• **Given data**
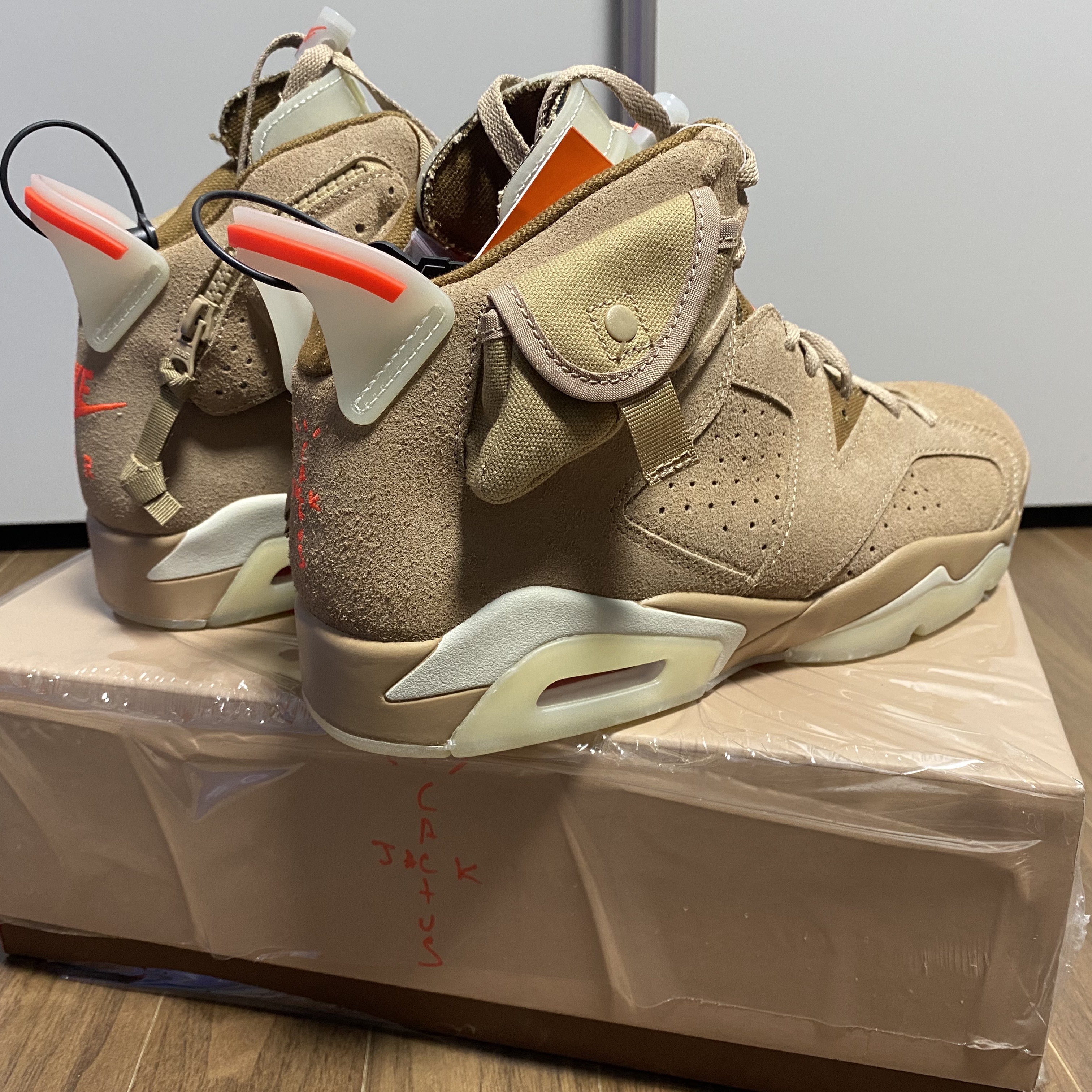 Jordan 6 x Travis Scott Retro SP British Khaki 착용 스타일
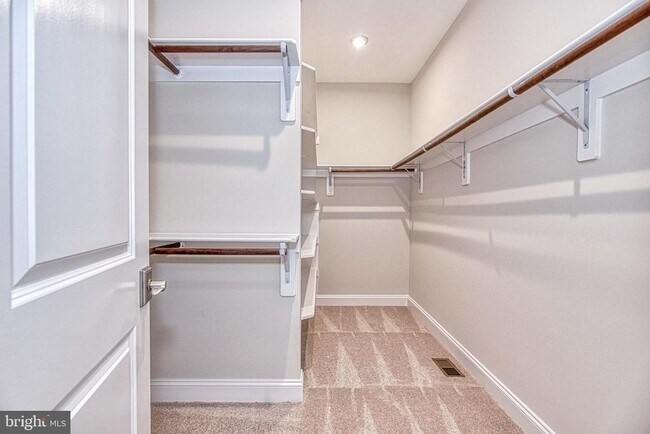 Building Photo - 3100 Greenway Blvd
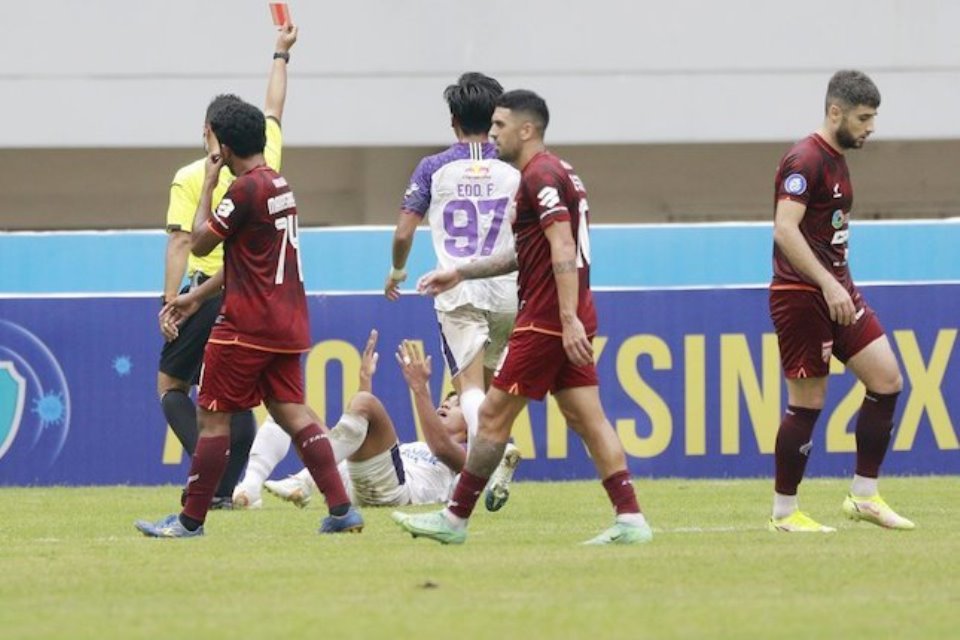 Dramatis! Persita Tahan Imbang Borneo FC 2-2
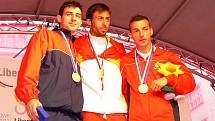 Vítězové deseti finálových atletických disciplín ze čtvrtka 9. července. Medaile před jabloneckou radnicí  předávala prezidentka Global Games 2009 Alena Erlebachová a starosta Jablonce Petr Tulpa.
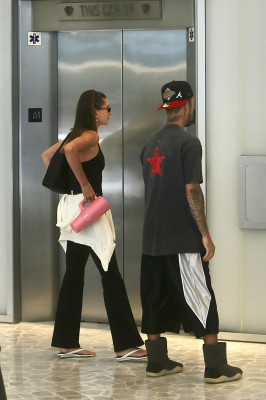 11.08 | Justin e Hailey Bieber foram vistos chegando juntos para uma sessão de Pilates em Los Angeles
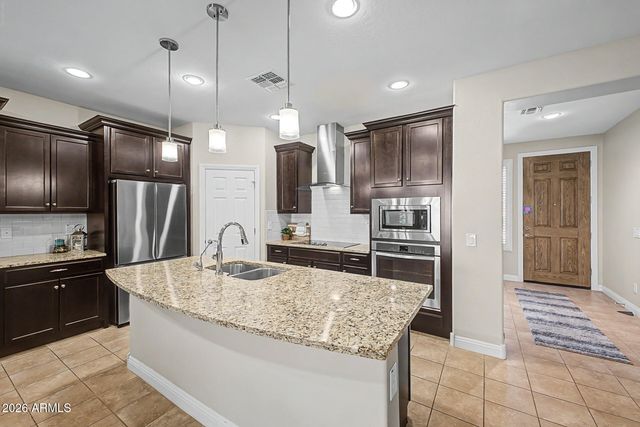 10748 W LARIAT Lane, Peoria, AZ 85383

• **What the exercise asks**
With all pictures omitted, return the lines from the line containing "Dramatis! Persita Tahan Imbang Borneo FC 2-2" through the closing line of the listing above, exactly and inclusive.

• **Answer for the task**
 Dramatis! Persita Tahan Imbang Borneo FC 2-2
 Vítězové deseti finálových atletických disciplín ze čtvrtka 9. července. Medaile před jabloneckou radnicí  předávala prezidentka Global Games 2009 Alena Erlebachová a starosta Jablonce Petr Tulpa.
 11.08 | Justin e Hailey Bieber foram vistos chegando juntos para uma sessão de Pilates em Los Angeles
 10748 W LARIAT Lane, Peoria, AZ 85383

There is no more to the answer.